El segundo piso del trumpismo va definiéndose. La cabeza indiscutible del movimiento optó por un perfil que es muy distinto al suyo, pero que le ofrece la garantía esencial: no lo contradirá en nada. El hombre que Trump ha escogido para acompañarlo como candidato a la vicepresidencia podría ser su nieto. Vivió la pobreza del mundo rural, se hizo en buena medida a sí mismo, escribe bien. Le aporta a la campaña el furor del converso. Hace poco, al joven político conservador le parecía que Trump era un candidato para idiotas, un opioide para las masas, una especie de Hitler americano. El libro que le dio fama presenta una interpretación radicalmente distinta de la pobreza a la que pinta el demagogo. Mientras su libro denuncia la cultura de la pobreza y llama a asumir la responsabilidad individual, Trump apunta el dedo hacia los otros que son los eternos culpables: las élites liberales, los extranjeros, los medios.
Tal vez nadie como Vance puede darle legitimidad y orden al discurso del nacionalismo reaccionario del trumpismo. Lo que en Trump parece un agregado de incoherencias, mentiras y odios, en el autor de Hillbilly. Una elegía rural se convierte en un ordenado programa populista. El hombre convocado para el relevo generacional se ha esmerado en absorber los lemas y las consignas del trumpismo y en desprenderse de sus ideas previas. Esa parece ser la tarea de la continuidad: ser más trumpista que Trump. Vance refleja a la perfección la desconfianza ante la globalización y el libre comercio; el acercamiento a los sindicatos y el desprecio a Wall Street. Pero lo más importante no es el impulso ideológico que podría recibir la campaña republicana con la incorporación de Vance, sino la garantía de incondicionalidad. No agrega nuevos votantes, ayuda a radicalizarlos.
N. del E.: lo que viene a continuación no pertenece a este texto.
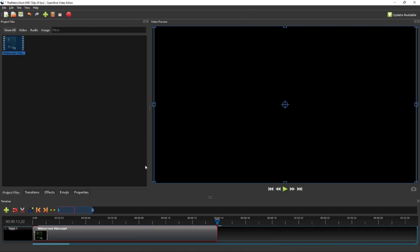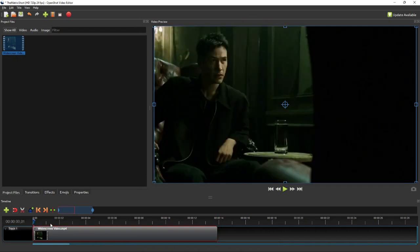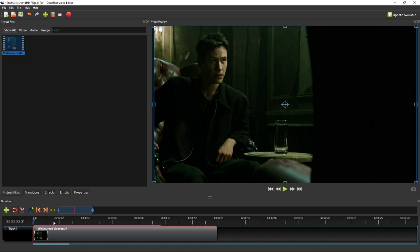so the first step of creating a vertical video from a widescreen video is to split the widescreen video into shorter scenes or clips, where each scene or clip will only show the subject or character of interest in the vertical video to be created.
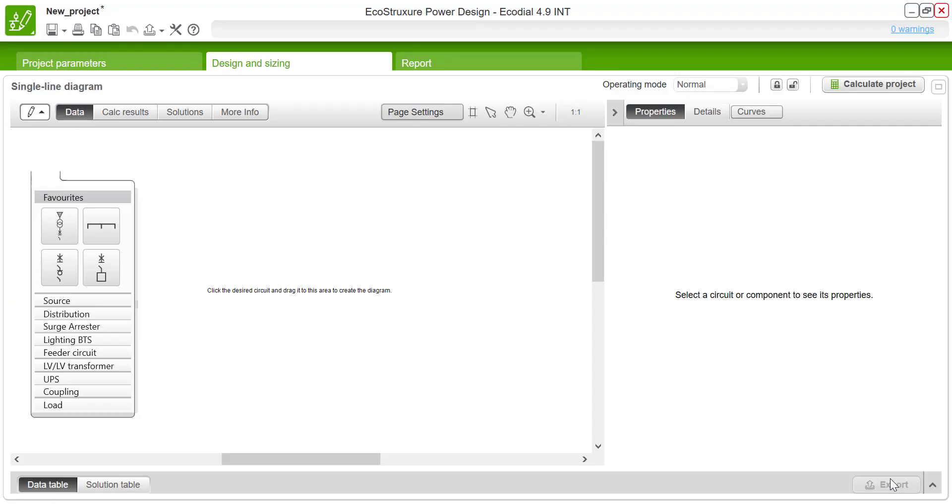Hello everyone, today we will see how to construct the electrical network single line diagram in EcoStruxure Power Design. This can be done by using the circuits library. The circuits can be picked from the circuit library.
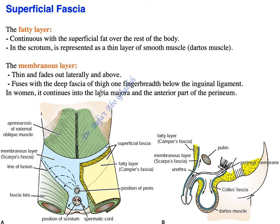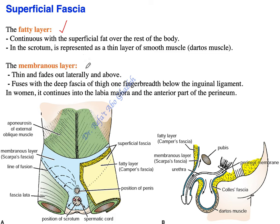Welcome everybody. Remember from last time we talked about the seven layers of the anterior abdominal wall. The first layer was the skin and the second layer was the superficial fascia, which is composed of two layers: a superficial fatty layer and a deeper membranous layer.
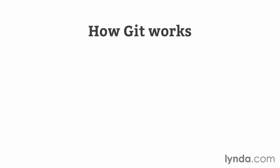Before we get into the basic commands of using Git, I want to take a moment to review how Git actually works. If you understand the basics of how it operates, it's a lot easier to learn those individual commands.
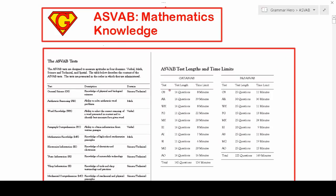Welcome YouTubers to another episode of my Grammar Hero series. In this video I'm going to discuss the ASVAB — that is the Armed Services Vocational Aptitude Battery. More specifically, I'm going to work out problems from the Mathematics Knowledge section of that test.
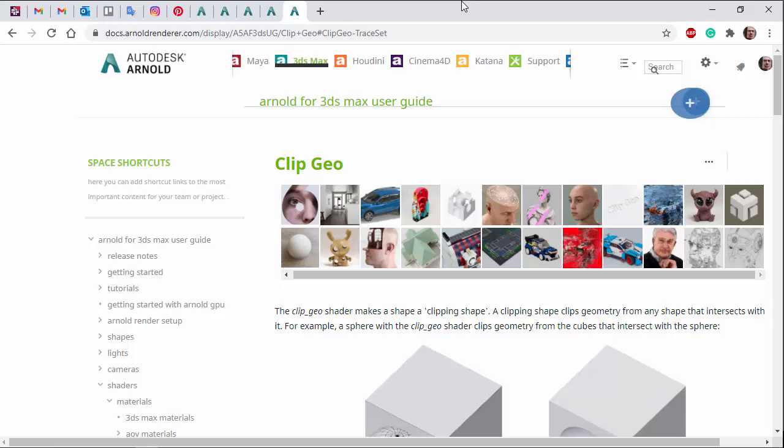Hi there, Lee Griggs, Arnold Rendering Specialist at Autodesk, and I just want to go through the ClipGeo shader.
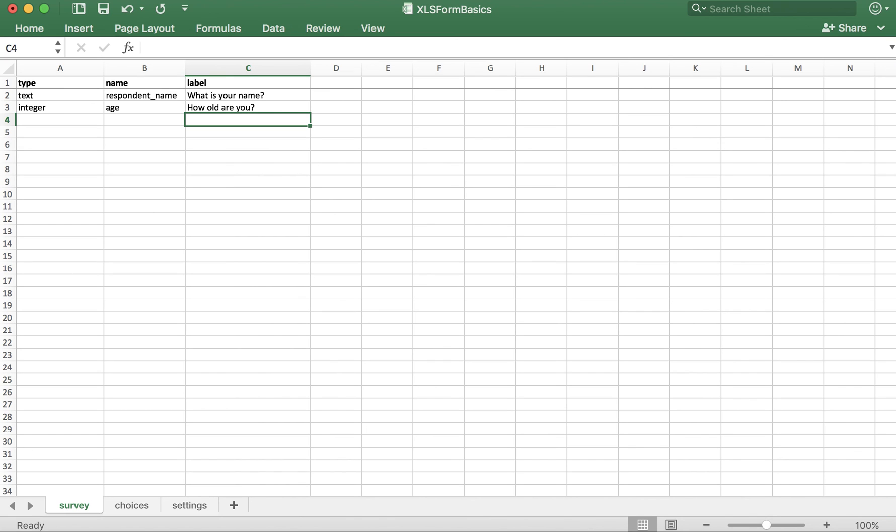In a future video, we'll learn how to do more with the integer question type, like constraining the answer options between certain numbers, so that the user cannot enter an unrealistic age like 150. But for now, you know the basics of the integer question type.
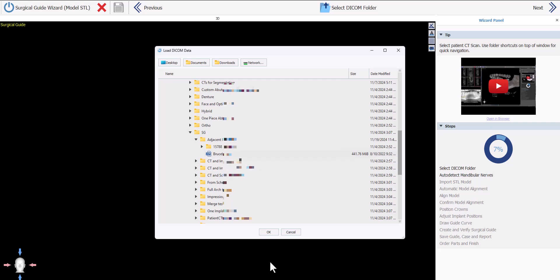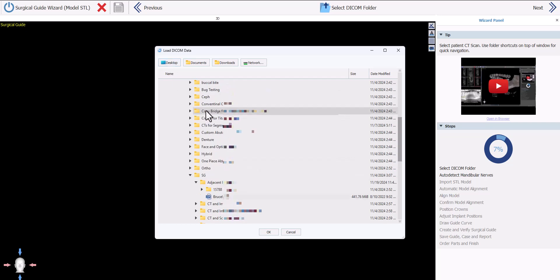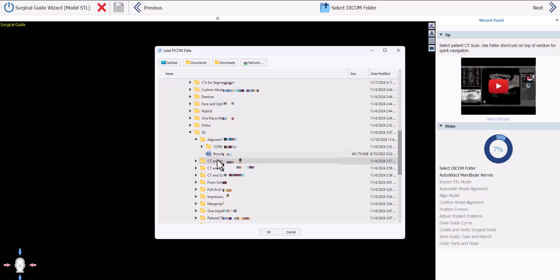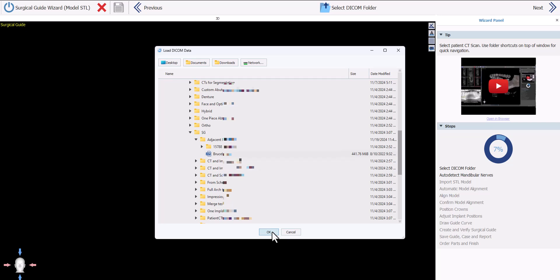The software is now prompting us to load the relevant CT DICOM data for the case. We have shortcut buttons across the top of the screen that can be used to quickly navigate to relevant locations, or you can navigate via the folder structure on your computer. BlueSky Plan can load compressed, uncompressed, zipped, and unzipped DICOM images. Select the relevant set and click the OK button.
El punto central es que el compañero de Trump en la boleta le garantiza lealtad personal por encima de cualquier compromiso con la ley. Trump seleccionó a un cómplice.
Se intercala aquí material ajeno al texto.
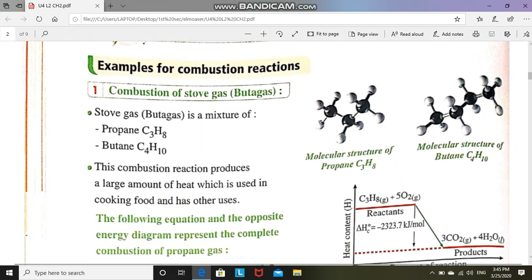Let's look at different examples of the combustion process. We have combustion of stove gas or butane gas. Butane gas is a mixture of two organic substances called propane and butane. Propane is an organic compound that contains three carbon atoms and eight hydrogen atoms. We will focus on the burning of propane here, not butane.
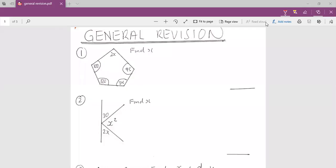My name is Mr. Shen-Romer. In today's class we're going to do some general revision. 99% of our general revision is going to be under the topic of geometries. So here are our questions. Let's begin with number one.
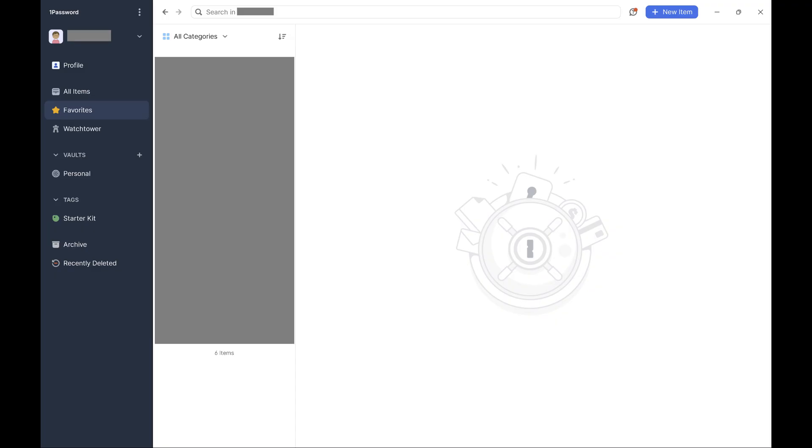So if you're ready to optimize your 1Password experience and enhance your digital security, let's dive right into it. Step 1. Open the 1Password app on your computer.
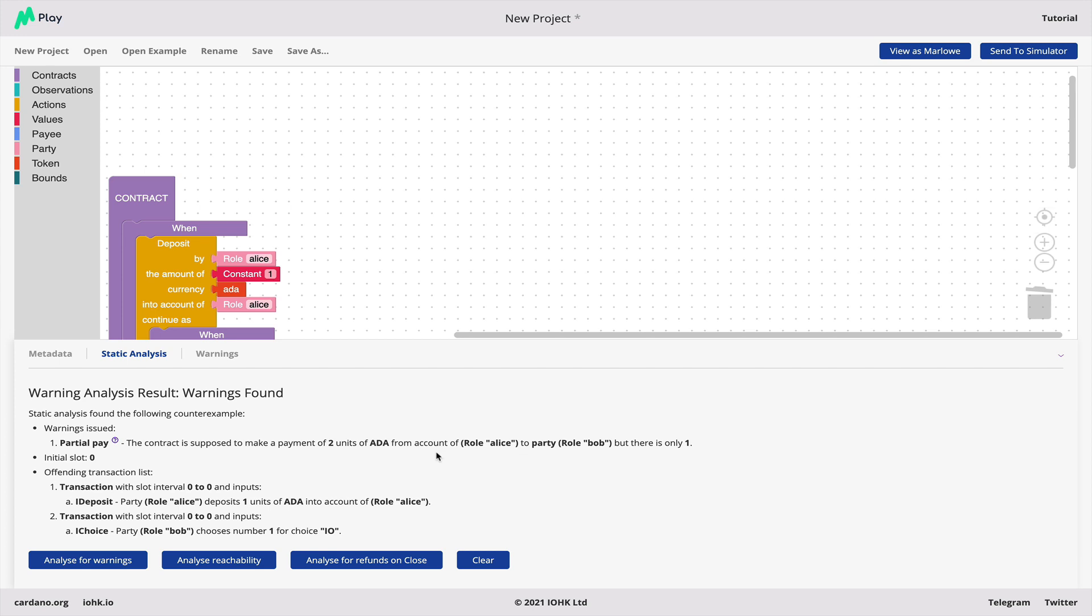So brief summary, contract building, contract simulation, contract analysis, analyzing for a failed payment. That's in a nutshell what you get with the Marlowe playground.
Si algo le ganó al senador de Ohio la invitación de Trump fue su crítica al manejo de Pence de la calificación de la elección del 2020. Yo habría seguido las instrucciones del presidente para desconocer el resultado electoral, dijo. Pence fue expulsado de la secta porque tomó una decisión imperdonable: cumplió con su deber. Optar por la ley por encima del mesías es cometer la peor apostasía. Pence respaldó incontables abominaciones, pero ante la petición de violar la constitución, asumió el costo de confrontar a Trump y a su turba. Ahí empezó el fin de su carrera política porque en el campo republicano no hay más juego que el del nuevo dueño. Vance garantiza lealtad absoluta al hombre que ha anunciado una dictadura en el primer día de su gobierno.
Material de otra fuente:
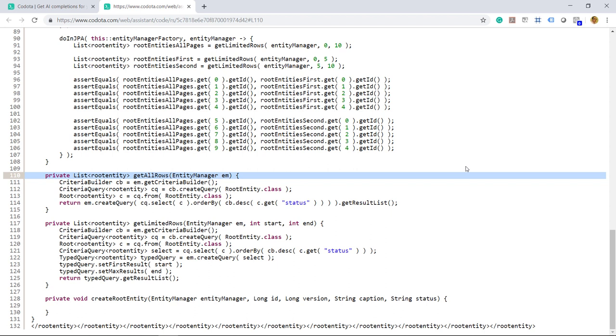Writing JPA Criteria API queries is not a trivial thing to do, since unfortunately the API is not very suggestive. With Kodota, you don't have to memorize the exact sequence of steps required to create a Criteria API query. Kodota will guide you while writing the query, therefore increasing your productivity.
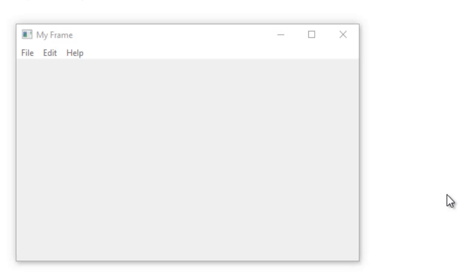So to help you understand the concept of adding menus to your frame, there are three elements that make up menus.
Los trumpistas caminan con confianza a la elección de noviembre. Las encuestas les favorecen y se regodean en el desastre del campo demócrata. La convención republicana pintó uno de los rasgos esenciales de todo populismo: su carácter religioso. Los delegados no eligieron a un candidato, elevaron a un hombre a categoría divina. Los participantes en la asamblea republicana hablaron una y otra vez de la intervención celestial que había salvado al salvador. Tiene razón el historiador italiano Loris Zanatta cuando dice que el populismo es, en el fondo, un fenómeno religioso: un “modo religioso de entender la vida y la historia.” Antes, el acto de salvar al pueblo era la redención. Ahora se le llama revolución. Cambio de tajo que no pierde el tiempo en negociaciones, ruptura que fantasea con un nuevo comienzo, purificación. El mesianismo trumpista quedó consagrado definitivamente la semana pasada para impulsar lo que un aliado suyo describe como la segunda revolución americana. Una revolución que será pacífica, según el presidente de la Fundación Heritage, siempre y cuando la izquierda lo permita. Trump se propone eliminar todos los obstáculos que contuvieron su capricho en su primer gobierno. Nadie que no sea un militante entusiasta podría incorporarse a los cuadros de su administración. Para fortalecer el presidencialismo se rasurarían también los estorbosos órganos autónomos.
Habrá muchas diferencias entre los populismos, pero sus resortes son los mismos en todos lados: una soberbia que rechaza el pluralismo, las autonomías y las reglas.